Aksi halde mükellefin vergi inceleme raporunun ücretlendirilmesiyle oluşacak bir
yükü daha taşımasına ve kendinin finanse ettiği bir tutarı tekrarlayan bir zorluk
içinde hem de üzerine ödeyeceği bir tutar ile giderleştirmesi doğru bir
yaklaşım olduğu izlenimini vermemektedir.
SMMM
meslek mensupları vergi inceleme raporu hazırlayamaz mı?

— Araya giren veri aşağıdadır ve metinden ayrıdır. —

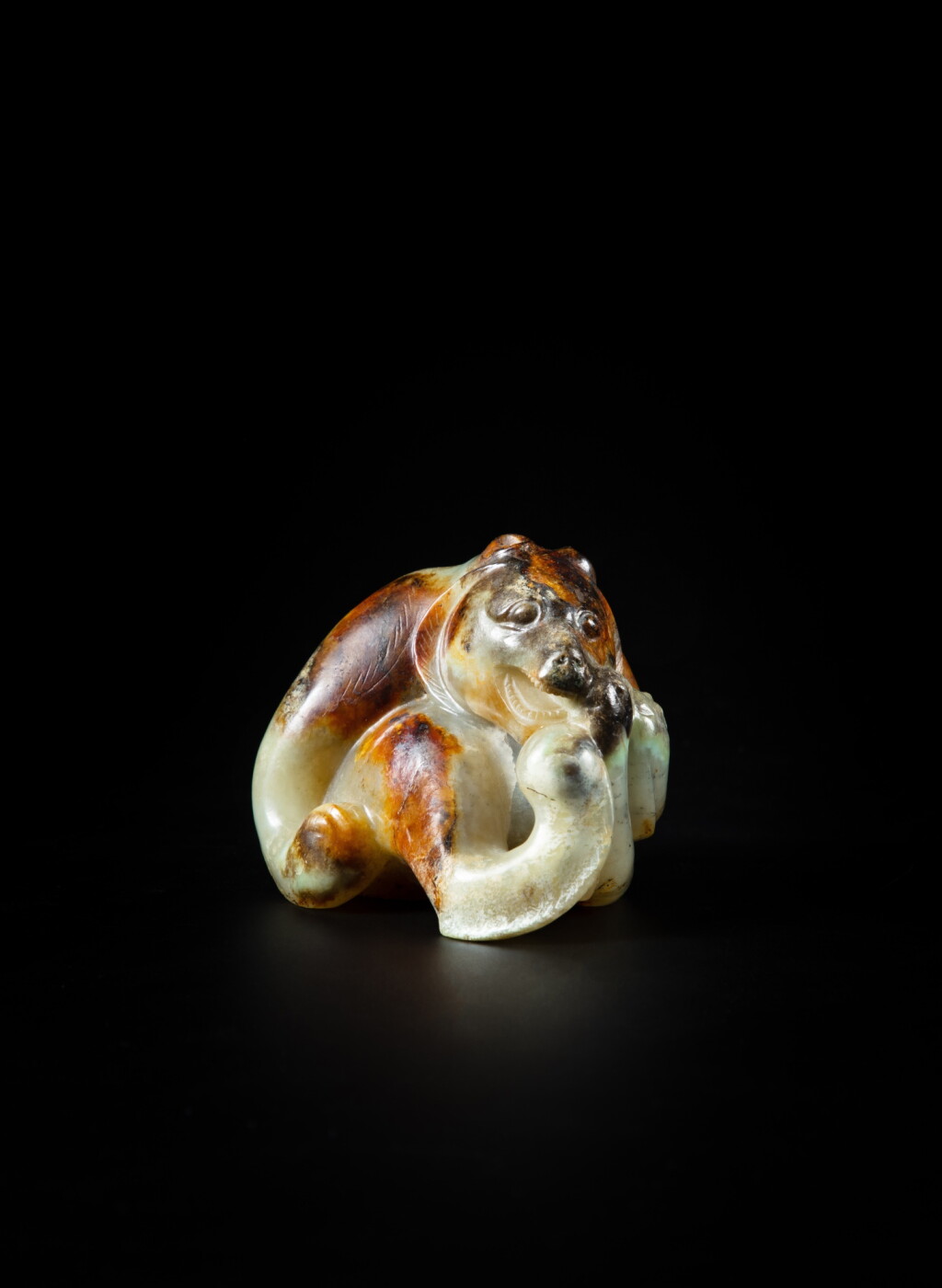 全萤幕检视 - 查看95A celadon and russet brown jade ‘bear’ carving, Probably Song or Ming dynasty | 或宋至明 褐斑青玉雕熊的1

Meslek insanlarının aklından geçebilir diye yazmadan edemeyeceğim bir başka
bakış açısı da şu olabilir: (Kesinlikle her iki duruma katılmadığımı ifade
edeyim. Bu uygulama yani vergi incelemesi bizzat Maliye ‘nin kendi potansiyel
gücü ile hal yoluna konulmalıdır.)
Defter tutmaya muktedir olan 3568 sayılı
Yasa ile görevlendirilen sadece Serbest Muhasebeci Mali Müşavir (SMMM) meslek
mensupları kayıtlama yaptıkları defterin gerekirse raporunu tutabilirler. Mali
İdare bu raporların alınacağı internet ortamında bölüm oluşturarak, boşuna bir
yapılanmaya gerek duymadan sorunu çözme yoluna gidebilir. İlla ki bir edim
karşılığı olacaksa nemalanan hem SMMM hem de YMM olabilir.
Her iki mali müşavir unvanı da cezai şart hâsıl olduğunda gereken savunmayı
yapabileceklerine göre; hep angarya üstlenen mali müşavir bu defa bu
uygulamadan fayda sağlayabilir.
SMMM ve YMM tarafından bu raporun hazırlanması mümkün değil midir?